Research on automated text summarization relies heavily on human and automatic evaluation. While recent work on human evaluation mainly adopted intrinsic evaluation methods, judging the generic quality of text summaries, e.g. informativeness and coherence, our work focuses on evaluating the usefulness of text summaries with extrinsic methods. We carefully design three different downstream tasks for extrinsic human evaluation of summaries, i.e., question answering, text classification and text similarity assessment. We carry out experiments using system rankings and user behavior data to evaluate the performance of different summarization models. We find summaries are particularly useful in tasks that rely on an overall judgment of the text, while being less effective for question answering tasks. The results show that summaries generated by fine-tuned models lead to higher consistency in usefulness across all three tasks, as rankings of fine-tuned summarization systems are close across downstream tasks according to the proposed extrinsic metrics. Summaries generated by models in the zero-shot setting, however, are found to be biased towards the text classification and similarity assessment tasks, due to its general and less detailed summary style. We further evaluate the correlation of 14 intrinsic automatic metrics with human criteria and show that intrinsic automatic metrics perform well in evaluating the usefulness of summaries in the question-answering task, but are less effective in the other two tasks. This highlights the limitations of relying solely on intrinsic automatic metrics in evaluating the performance and usefulness of summaries.
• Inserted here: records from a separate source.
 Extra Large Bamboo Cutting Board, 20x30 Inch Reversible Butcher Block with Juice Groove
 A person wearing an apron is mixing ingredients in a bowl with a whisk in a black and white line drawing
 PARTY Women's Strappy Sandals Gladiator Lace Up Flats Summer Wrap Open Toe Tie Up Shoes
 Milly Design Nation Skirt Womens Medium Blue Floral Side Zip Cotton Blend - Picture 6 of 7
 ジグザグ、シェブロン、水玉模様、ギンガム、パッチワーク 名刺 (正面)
翻译：自动文本摘要研究很大程度上依赖于人类和自动评估。近期的人类评估工作主要采用内在评估方法，判断文本摘要的通用质量（如信息量和连贯性），而我们的工作则专注于通过外部方法评估文本摘要的有用性。我们精心设计了三种不同的下游任务用于摘要的外部人类评估，即问答、文本分类和文本相似度评估。我们利用系统排名和用户行为数据进行实验，评估不同摘要模型的性能。研究发现：在依赖文本整体判断的任务中，摘要特别有用，但在问答任务中效果较差。结果表明，精调模型生成的摘要在这三项任务中的有用性具有更高的一致性——根据所提出的外部指标，精调摘要系统在不同下游任务中的排名相近。然而，零样本设置下模型生成的摘要由于风格通用且细节较少，被发现偏向于文本分类和相似度评估任务。我们进一步评估了14种内在自动指标与人类标准的相关性，表明内在自动指标在评估问答任务中摘要的有用性时表现良好，但在其他两项任务中效果较差。这凸显了仅依赖内在自动指标评估摘要性能和有用性的局限性。